October 24, 2018

In early 2018, Meriah Grove was an innovator in search of an idea.

The undergraduate advertising major from Atlanta had already launched her own nonprofit while in high school, and now she was chasing a new entrepreneurial dream.

Meanwhile, across campus, David Balinsky was completing his doctorate in veterinary medicine, and in his head was an idea to employ aerial drones in service of animal health. He just needed some help to transform his idea into reality.

Both students found the pathways they needed, thanks to UGA’s I-Corps program.

I-Corps is the National Science Foundation’s seed funding program for commercial innovation. Brought to UGA in 2017, the program helps innovators with STEM-related ideas determine if those ideas have real commercial potential. UGA’s five-year, $500,000 grant allows it to provide up to 30 teams each year with an introduction to the startup world and funding for early-stage customer-discovery work.

I-Corps adds another mechanism to UGA’s well-stocked toolbox to help fledgling inventors and entrepreneurs move their dreams to market. From entrepreneurial education efforts in multiple UGA colleges to the Office of Research’s successful Innovation Gateway program (which administers I-Corps), there is a university-wide commitment to innovation at UGA.

“Our goal is simply to help UGA faculty and students move their ideas to market, in whatever form that may take,” says Derek Eberhart, director of Innovation Gateway. “It’s right there in our name—we are a gateway, and there are many different ways you can walk through that door.”

Grove and her team started with an existing UGA patent for an indestructible golf tee and eventually shifted their idea to lightweight, durable tent stakes. Balinsky took his drone concept to a campus hackathon and was then invited to join the I-Corps program.

The university’s repertoire of entrepreneurial tools can be applied to a range of technology and business ideas at just about any point of the development life cycle.

“We help people answer, ‘Is this worth my time?’” says Ian Biggs, director of UGA’s startup program. “We help them understand what’s wanted in the business world. It’s not about ‘debasing’ research by making it about money; it’s about taking ideas and making them available for the rest of the world.”

Professor Jason Locklin, director of UGA’s New Materials Institute, has worked repeatedly with Innovation Gateway to supply new technologies from his polymer research lab for others to develop.

“My strengths are in developing new technologies, not scaling up, marketing or other things that are associated with developing a startup company,” Locklin says. “That’s not my primary passion. But I’m happy to hand off our initial, patented discoveries to someone else who will move the technology to market. If someone can take those ideas and turn them into a commercial success, I’m happy to help.”

Innovation Gateway is also a conduit for industry. This not only means matching up companies with UGA technologies, but also fostering partnerships. The hackathon in which Balinsky participated was sponsored by Boehringer Ingelheim, one of the largest animal health companies in the world, in an arrangement brokered through Innovation Gateway.
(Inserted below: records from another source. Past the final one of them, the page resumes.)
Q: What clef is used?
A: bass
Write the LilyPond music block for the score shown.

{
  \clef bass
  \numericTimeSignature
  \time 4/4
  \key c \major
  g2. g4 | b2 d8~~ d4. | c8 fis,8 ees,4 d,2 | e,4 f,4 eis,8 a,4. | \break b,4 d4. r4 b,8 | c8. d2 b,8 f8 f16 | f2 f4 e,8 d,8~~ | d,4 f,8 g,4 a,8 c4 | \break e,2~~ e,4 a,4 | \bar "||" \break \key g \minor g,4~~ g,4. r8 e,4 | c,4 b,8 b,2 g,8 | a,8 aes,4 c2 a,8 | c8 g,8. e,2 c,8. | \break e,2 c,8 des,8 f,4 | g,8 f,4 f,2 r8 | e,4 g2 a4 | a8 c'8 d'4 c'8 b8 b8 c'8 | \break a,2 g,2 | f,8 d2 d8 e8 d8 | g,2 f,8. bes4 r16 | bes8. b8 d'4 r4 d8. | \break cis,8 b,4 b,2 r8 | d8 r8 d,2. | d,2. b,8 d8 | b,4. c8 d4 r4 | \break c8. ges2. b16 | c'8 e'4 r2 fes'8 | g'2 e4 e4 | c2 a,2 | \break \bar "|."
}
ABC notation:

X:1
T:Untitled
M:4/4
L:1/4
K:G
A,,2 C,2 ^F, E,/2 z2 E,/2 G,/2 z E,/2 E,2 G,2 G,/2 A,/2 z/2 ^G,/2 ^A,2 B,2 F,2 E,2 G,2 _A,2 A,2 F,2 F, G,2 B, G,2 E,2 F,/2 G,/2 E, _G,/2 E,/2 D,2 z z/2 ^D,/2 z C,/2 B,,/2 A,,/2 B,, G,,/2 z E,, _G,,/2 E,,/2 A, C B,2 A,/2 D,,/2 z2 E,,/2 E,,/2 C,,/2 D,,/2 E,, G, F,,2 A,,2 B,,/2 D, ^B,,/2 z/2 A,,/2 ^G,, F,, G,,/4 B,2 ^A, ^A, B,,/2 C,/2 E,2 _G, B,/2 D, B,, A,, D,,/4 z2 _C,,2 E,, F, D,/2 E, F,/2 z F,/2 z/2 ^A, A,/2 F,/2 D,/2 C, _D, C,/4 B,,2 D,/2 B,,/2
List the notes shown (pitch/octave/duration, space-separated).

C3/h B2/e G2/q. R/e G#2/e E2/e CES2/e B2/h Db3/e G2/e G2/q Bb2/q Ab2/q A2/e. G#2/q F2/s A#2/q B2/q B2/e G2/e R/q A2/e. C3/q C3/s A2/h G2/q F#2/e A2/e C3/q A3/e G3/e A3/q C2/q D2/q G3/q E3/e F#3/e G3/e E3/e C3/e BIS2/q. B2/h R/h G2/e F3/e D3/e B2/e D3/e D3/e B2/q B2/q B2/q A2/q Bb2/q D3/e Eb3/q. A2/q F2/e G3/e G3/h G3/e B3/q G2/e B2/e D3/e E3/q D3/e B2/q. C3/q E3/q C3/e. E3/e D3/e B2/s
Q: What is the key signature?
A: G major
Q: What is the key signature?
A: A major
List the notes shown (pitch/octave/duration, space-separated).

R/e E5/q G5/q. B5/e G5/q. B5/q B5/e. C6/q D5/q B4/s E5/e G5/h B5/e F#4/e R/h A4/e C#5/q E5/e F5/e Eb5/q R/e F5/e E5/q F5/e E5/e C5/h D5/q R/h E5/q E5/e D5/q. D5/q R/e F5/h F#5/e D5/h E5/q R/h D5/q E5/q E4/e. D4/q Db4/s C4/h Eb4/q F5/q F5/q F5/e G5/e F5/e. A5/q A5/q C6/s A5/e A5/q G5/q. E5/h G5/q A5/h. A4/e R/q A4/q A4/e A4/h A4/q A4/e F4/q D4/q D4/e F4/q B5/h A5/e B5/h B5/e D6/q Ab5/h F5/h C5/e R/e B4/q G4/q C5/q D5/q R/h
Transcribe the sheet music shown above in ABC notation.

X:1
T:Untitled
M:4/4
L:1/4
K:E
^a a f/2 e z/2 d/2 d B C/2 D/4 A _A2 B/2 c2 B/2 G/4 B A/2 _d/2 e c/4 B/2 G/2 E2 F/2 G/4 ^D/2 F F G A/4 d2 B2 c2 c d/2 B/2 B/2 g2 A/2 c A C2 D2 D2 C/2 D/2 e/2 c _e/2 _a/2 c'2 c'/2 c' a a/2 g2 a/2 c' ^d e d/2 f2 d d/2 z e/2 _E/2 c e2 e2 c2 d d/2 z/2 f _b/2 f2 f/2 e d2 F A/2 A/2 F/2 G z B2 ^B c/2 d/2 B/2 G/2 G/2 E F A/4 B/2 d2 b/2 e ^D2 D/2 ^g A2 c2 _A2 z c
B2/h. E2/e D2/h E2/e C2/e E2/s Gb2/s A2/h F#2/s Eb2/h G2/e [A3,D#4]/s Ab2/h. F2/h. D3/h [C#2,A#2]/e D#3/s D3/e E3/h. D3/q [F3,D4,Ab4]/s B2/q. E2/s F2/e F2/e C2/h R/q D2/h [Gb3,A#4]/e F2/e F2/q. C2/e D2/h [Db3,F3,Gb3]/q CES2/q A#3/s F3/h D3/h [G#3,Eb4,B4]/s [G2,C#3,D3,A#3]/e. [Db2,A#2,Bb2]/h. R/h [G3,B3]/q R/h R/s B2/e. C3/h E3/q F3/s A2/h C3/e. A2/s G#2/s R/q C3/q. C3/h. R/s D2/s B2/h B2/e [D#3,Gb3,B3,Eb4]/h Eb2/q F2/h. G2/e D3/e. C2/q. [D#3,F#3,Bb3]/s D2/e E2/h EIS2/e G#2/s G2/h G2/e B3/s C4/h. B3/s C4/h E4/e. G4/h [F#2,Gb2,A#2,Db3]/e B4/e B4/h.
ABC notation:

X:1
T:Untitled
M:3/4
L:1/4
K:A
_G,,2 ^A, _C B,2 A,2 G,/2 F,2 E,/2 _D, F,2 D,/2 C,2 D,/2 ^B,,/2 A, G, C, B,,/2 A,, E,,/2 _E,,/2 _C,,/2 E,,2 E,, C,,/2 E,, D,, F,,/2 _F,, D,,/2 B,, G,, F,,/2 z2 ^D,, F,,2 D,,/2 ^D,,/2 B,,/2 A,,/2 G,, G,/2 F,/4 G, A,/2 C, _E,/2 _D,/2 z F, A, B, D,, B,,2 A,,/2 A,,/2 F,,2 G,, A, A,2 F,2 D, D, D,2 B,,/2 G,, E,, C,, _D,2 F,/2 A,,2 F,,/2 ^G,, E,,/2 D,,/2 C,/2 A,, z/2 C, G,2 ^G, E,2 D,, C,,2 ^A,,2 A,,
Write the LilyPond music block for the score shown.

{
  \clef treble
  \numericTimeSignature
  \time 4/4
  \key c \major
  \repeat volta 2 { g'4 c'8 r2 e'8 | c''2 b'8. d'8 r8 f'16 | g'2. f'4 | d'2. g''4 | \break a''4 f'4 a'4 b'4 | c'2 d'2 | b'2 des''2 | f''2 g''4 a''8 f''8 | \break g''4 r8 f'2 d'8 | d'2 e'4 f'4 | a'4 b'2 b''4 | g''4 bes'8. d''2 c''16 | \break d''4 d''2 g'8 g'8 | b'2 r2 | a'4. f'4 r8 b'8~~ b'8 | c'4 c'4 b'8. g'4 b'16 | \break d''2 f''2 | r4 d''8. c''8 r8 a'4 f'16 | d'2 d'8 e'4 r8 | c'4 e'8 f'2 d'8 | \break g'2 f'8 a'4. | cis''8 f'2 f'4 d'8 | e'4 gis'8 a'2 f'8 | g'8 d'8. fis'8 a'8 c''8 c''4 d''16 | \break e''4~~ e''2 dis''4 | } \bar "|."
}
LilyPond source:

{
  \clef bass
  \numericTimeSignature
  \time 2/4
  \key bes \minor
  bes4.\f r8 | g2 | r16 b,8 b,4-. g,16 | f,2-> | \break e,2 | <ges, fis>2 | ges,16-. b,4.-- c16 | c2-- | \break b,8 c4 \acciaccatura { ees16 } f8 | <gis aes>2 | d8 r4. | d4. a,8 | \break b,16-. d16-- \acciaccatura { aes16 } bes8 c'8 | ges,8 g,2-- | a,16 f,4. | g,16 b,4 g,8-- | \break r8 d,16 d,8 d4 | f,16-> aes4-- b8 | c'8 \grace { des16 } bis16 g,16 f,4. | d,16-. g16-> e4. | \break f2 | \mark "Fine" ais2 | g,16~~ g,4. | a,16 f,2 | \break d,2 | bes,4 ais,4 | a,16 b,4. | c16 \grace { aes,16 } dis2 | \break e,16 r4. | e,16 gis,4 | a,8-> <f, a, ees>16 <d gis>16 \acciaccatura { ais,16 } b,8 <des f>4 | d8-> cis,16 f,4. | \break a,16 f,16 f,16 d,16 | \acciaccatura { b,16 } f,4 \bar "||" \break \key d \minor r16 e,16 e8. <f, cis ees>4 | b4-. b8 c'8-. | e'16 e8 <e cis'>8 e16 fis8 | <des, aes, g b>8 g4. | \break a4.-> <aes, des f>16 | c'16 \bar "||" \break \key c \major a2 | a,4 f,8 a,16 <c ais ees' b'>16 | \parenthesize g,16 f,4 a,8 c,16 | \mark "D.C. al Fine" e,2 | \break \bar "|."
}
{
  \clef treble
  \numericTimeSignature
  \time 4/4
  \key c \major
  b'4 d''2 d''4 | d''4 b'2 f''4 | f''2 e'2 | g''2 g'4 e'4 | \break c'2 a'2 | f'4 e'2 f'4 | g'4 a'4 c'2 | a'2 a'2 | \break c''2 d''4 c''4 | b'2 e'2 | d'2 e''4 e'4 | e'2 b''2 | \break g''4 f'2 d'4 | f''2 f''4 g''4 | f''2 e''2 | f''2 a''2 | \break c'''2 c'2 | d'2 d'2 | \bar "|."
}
The results speak for themselves: More than 700 products derived from UGA inventions have made it to market, with 50 of those coming in fiscal year 2017 alone. For a decade, UGA has ranked in the Top 10 of all U.S. universities for licensing deals, and for four years it’s been among the Top 5 for moving products to the marketplace. The Innovation Gateway startup “pipeline”—companies and projects in active development—now numbers about 130 projects (up from only 40 in 2015), and on the licensing side Innovation Gateway executes more than 150 options and licenses every year.

“There is so much creative, innovative potential among our researchers and students at UGA. Innovation Gateway’s job is to help channel this energy in productive directions and hopefully contribute to economic development locally, regionally and even nationally,” says Vice President for Research David Lee. “There are big ideas all over this university. We want to develop those ideas and put them to work.”

In addition to operating the UGA Idea Accelerator and Summer Launch Program, the UGA Entrepreneurship Program—based in the Terry College of Business but serving the entire university—works with colleges and schools to hold “Shark Tank”-style startup competitions. The College of Engineering provides its own steady supply of inventions and ideas through its senior capstone program.

“Ideas come from all corners of the university,” says Bob Pinckney, director of the Entrepreneurship Program. “You’ve got support for entrepreneurship at the highest levels of UGA leadership. Innovation Gateway is providing support for researchers—faculty and grad students—who are commercializing their research, while the Entrepreneurship Program focuses on students who may or may not be utilizing university research. The programs complement each other very well.”

In January 2018, President Jere W. Morehead appointed a task force to investigate the prospect of creating an “innovation district” that would connect faculty, students and industry in a common space devoted to innovation and entrepreneurship. The task force’s official report strongly backed the creation of such a district.

“We believe an innovation district will facilitate the interdisciplinary collaboration that is so often at the heart of entrepreneurial success stories,” says Morehead. “This effort has the chance to be transformative for UGA and will be a significant driver of economic development in our state. I’m excited to watch its impact take shape.”